Resync Tables

Sometimes you will need to resync tables in ad-hoc bases. For example when binlog position deleted in MySQL or when a database migrated to another server and previous CDC bookmarks are not transferable, etc.

  1. Full resync

If you want to resync every table from a specific tap then use the sync_tables command and specify the tap and target ids:

$ pipelinewise sync_tables --target <target_id> --tap <tap_id>

PipelineWise will update the bookmark(s) in the internal state files automatically and at the next normal run it will load only the changes since the resync.

If you want to resync only a list of specific tables then add the --tables argument:

$ pipelinewise sync_tables --target <target_id> --tap <tap_id> --tables schema.table_one,schema.table_two

Warning

The value of the optional --tables argument needs to be a comma separated list of table names using the <schema_name>.<table_name> format. Schema and table names have to be the names in the source database.

Warning

Based on the tap setting, tables can be fully synced or partial synced if they are defined as partial synced.
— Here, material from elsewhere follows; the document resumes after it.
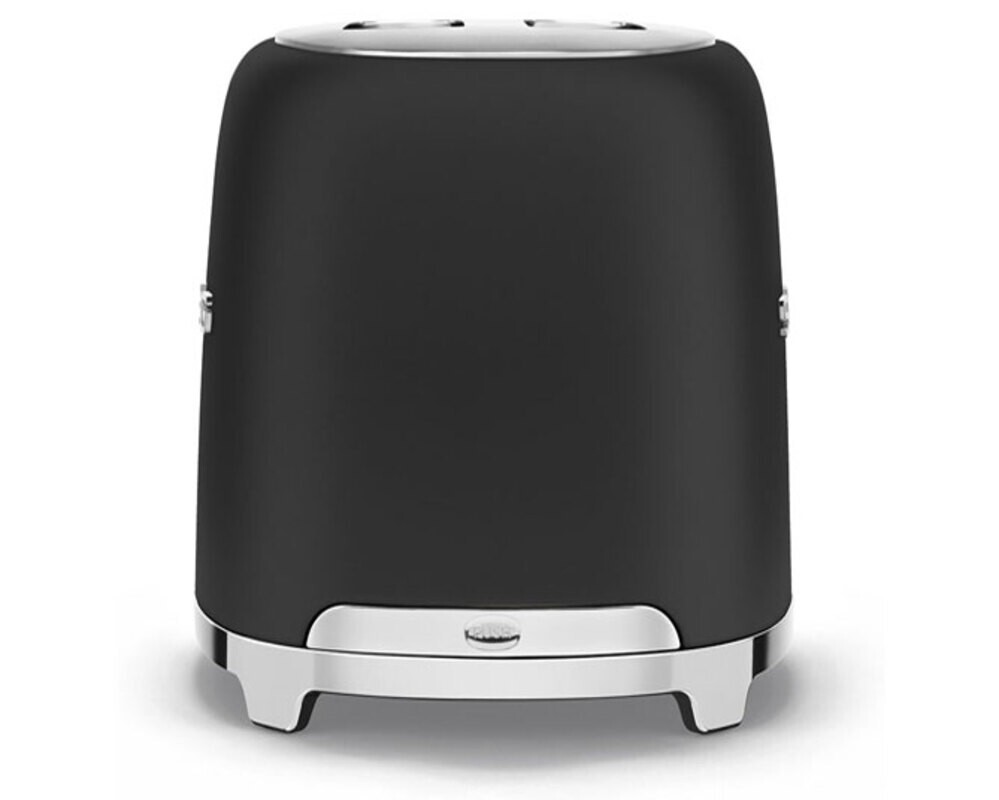 SMEG TSF01BLMEU Тостер на 2 ломтика, матовый черный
Currently this option is available only for Tap MySQL and Tap PostgreSQL to Snowflake.

Attention

There is an option for Tap MySQL and Tap PostgreSQL to Target Snowflake in main pipelinewise config file for ignoring resync in a case the size of a table in the tap is greater than the defined value. this setting is optional and even yet you can force the resync by using --force argument.

$ pipelinewise sync_tables –target <target_id> –tap <tap_id> –force

this setting can be added in the config.yml for checking the table size:

allowed_resync_max_size:
  table_mb: <integer/float>

Attention

There is an option to chose tables for re-sync which has a specific replication method by --replication_method_only <name of replication method>

$ pipelinewise sync_tables –target <target_id> –tap <tap_id> –replication_method_only log_based

  1. Partial resync

If you want to partial resync a table from a specific tap then use the partial_sync_table command and specify the tap and target ids and table, column ,start_value and end_value(optional)
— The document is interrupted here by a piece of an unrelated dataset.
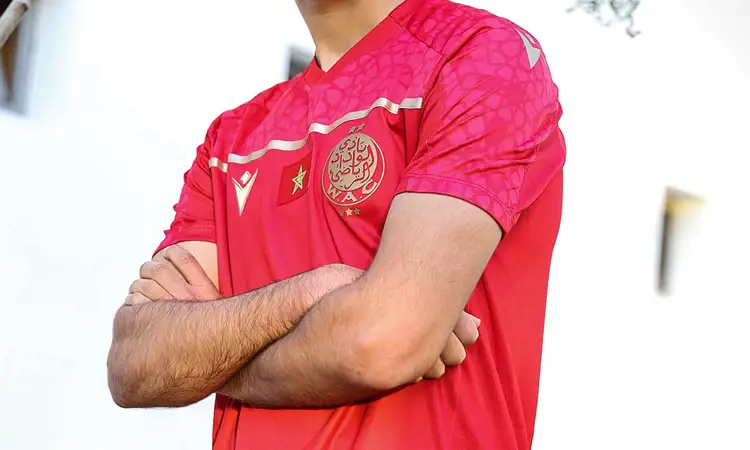 Wydad Casablanca voetbalshirts 2023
$ pipelinewise partial_sync_table --target <target_id> --tap <tap_id> --table schema.table --column column_name --start_value start_value_from_column --end_value end_value_from_column

note if there is no end_value, the internal state file will be updated with the replication value (gtid, wal, etc) that was captured at the start of the partial sync

Warning

The value of the --table argument needs to be in the <schema_name>.<table_name> format. Schema and table name have to be the names in the source database.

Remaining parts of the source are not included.